_WHAT TO PRODUCE_
All of the data is to be restated word for word.
....
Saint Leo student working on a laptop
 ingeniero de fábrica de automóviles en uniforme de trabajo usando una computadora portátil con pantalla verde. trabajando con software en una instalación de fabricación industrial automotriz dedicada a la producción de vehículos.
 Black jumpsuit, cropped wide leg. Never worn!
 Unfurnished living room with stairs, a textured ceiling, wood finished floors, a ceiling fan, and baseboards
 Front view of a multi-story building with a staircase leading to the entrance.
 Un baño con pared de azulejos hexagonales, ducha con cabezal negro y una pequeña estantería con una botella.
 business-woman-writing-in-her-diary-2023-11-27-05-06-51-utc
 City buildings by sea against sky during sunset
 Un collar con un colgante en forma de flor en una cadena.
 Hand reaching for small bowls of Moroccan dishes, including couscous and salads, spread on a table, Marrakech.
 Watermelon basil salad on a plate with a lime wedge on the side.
....
_EXERCISE RESULT_
Saint Leo student working on a laptop
 ingeniero de fábrica de automóviles en uniforme de trabajo usando una computadora portátil con pantalla verde. trabajando con software en una instalación de fabricación industrial automotriz dedicada a la producción de vehículos.
 Black jumpsuit, cropped wide leg. Never worn!
 Unfurnished living room with stairs, a textured ceiling, wood finished floors, a ceiling fan, and baseboards
 Front view of a multi-story building with a staircase leading to the entrance.
 Un baño con pared de azulejos hexagonales, ducha con cabezal negro y una pequeña estantería con una botella.
 business-woman-writing-in-her-diary-2023-11-27-05-06-51-utc
 City buildings by sea against sky during sunset
 Un collar con un colgante en forma de flor en una cadena.
 Hand reaching for small bowls of Moroccan dishes, including couscous and salads, spread on a table, Marrakech.
 Watermelon basil salad on a plate with a lime wedge on the side.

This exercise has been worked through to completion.